Garlinghouse had a different estimate for IDG News Service, which
reported him as saying that DomainKeys will require "widespread
adoption" from industry to be effective. The IDG article said that
"legitimate organization that doesn't use DomainKeys will be unable to
embed the private-key validation in its outgoing messages, leading these
messages to fail the validation test at recipient systems that do use
DomainKeys. ... This is a big challenge for DomainKeys' success, said
Jonathan Gaw , an IDC analyst. 'They'll have to convince a lot of people
to cooperate with them,' he said. 'It's going to take a lot of effort on
Yahoo's part to get everybody on board.' Achieving that type of
consensus from people who run mail servers around the world will be
difficult, especially at companies that may fail to see what value this
has for them, he said." * Reuters via USA Today: Yahoo Proposes New
Internet Anti-Spam Structure * IDG News Service: Yahoo Pitching Antispam
Initiative to Industry
Spam Law Enforcement = Nightmare
As Yahoo ramps up its private push, governments worldwide grapple with
legislation to stem the tide of junk mail.
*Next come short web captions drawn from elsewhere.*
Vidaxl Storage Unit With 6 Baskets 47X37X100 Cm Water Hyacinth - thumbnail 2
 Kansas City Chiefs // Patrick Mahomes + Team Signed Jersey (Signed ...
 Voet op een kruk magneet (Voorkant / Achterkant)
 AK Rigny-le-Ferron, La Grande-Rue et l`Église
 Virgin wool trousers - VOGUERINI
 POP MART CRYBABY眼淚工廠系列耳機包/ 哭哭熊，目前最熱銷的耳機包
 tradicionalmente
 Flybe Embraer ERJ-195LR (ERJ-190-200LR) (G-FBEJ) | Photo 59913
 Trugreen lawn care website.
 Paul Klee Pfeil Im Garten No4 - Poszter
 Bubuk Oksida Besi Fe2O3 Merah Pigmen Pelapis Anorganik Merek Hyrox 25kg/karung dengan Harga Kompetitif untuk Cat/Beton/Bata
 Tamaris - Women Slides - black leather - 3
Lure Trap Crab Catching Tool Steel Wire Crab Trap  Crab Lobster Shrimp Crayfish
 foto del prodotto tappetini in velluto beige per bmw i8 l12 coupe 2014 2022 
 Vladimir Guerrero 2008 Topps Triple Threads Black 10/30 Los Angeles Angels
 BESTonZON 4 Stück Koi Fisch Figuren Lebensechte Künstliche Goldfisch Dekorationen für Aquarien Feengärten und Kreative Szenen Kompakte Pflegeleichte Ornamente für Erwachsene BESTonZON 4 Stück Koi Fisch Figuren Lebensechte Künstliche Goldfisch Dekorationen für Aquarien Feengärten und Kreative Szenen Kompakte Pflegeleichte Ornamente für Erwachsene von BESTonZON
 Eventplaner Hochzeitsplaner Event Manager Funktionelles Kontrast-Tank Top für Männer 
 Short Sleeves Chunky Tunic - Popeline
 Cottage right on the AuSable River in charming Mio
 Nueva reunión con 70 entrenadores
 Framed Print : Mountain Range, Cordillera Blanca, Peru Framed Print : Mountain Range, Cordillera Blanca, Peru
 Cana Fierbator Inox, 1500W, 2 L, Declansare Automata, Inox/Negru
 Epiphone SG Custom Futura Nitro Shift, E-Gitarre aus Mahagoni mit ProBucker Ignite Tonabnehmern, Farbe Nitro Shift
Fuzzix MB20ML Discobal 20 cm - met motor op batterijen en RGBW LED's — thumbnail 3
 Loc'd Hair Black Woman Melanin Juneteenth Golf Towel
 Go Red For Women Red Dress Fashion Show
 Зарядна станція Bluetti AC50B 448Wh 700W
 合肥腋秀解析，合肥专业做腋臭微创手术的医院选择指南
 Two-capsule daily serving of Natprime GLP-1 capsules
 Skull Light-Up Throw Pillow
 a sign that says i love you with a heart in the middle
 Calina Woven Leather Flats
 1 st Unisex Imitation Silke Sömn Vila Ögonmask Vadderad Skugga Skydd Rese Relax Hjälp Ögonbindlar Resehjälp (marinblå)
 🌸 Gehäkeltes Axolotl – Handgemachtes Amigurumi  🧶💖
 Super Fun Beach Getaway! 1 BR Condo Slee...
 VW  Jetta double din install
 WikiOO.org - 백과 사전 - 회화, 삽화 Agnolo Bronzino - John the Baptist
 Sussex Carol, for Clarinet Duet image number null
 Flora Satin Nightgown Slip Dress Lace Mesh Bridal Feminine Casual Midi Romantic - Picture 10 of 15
The European Union passed a law, which went live Oct. 31, to ban spam,
but it has already hit roadblocks. The EU "has asked nine member nations
that have failed to adopt a privacy law intended to help the fight
against unwanted email to describe how they intend to comply with the
law. Belgium , Germany , Greece , Finland , France , Luxembourg , the
Netherlands , Portugal , and Sweden must provide the explanation within
two months of face possible court action," The Associated Press said on
Friday. "The law aims to reduce internet fraud and protect legitimate
businesses by banning companies from sending unsolicited email, plucking
personal data from web sites or pinpointing the locations of
satellite-linked mobile phone users," the article reported. Erkki
Liikanen , commissioner for enterprise and the information society, told
The AP: "It is urgent that member states adopt a consistent legislative
approach to such issues," Liikanen said. "This will strengthen consumer
confidence in e-commerce and electronic services." * The Associated
Press via Australian IT: EU Presses For Spam Laws * EU's spam law,
included in regulatory framework for e-communications infrastructure
The EU's anti-spam law has a U.S. cousin. But like the EU's effort, the
federal Can Spam Act of 2003 could be too good to be true. Trying to
actually enforce anti-spam legislation could spell the death of various
spam-fighting efforts. "Eradicating spam is a top priority for the
American government too. The Can Spam Act made comfortable progress
through Congress this week, the first piece of federal legislation to
attempt to reduce the amount of unsolicited electronic garbage passing
over the internet. Opinion is divided as to how effective the new law
will be. But if it works at all, it will also help to improve internet
security. Spam is often the transmitter of computer viruses," The
Economist wrote on Nov. 27. * The Economist: Fighting The Worms of Mass
Destruction (Article is from Nov. 27)
The Seattle Times columnist Charles Bermant noted on Saturday that the
anti-spam law is slated to be "pushed through the sausage machine that
is our federal government this week." More from the article: "The bill,
due for consideration when Congress tackles this session's home stretch,
is often criticized as more of a public-relations move than an effective
way to get rid of the scourge. There are those who suggest the bill is
all style and no substance, that it is only a cynical play for voter
support. Consider the numbers: The House voted 392-5 in favor of the
bill and sent it to the Senate , which made some revisions and passed it
back to the house with a 97-0 vote. (One of the first calls I'll make
when they come back into session is to the five House holdouts and the
Senate absentees, to see what they were thinking)," he wrote. "Reading
the bill can make your head hurt. Not because it is necessarily wrong or
misguided, but in general, it really doesn't have a chance to make a
difference. Spammers are sly monsters who can turn on a technology dime.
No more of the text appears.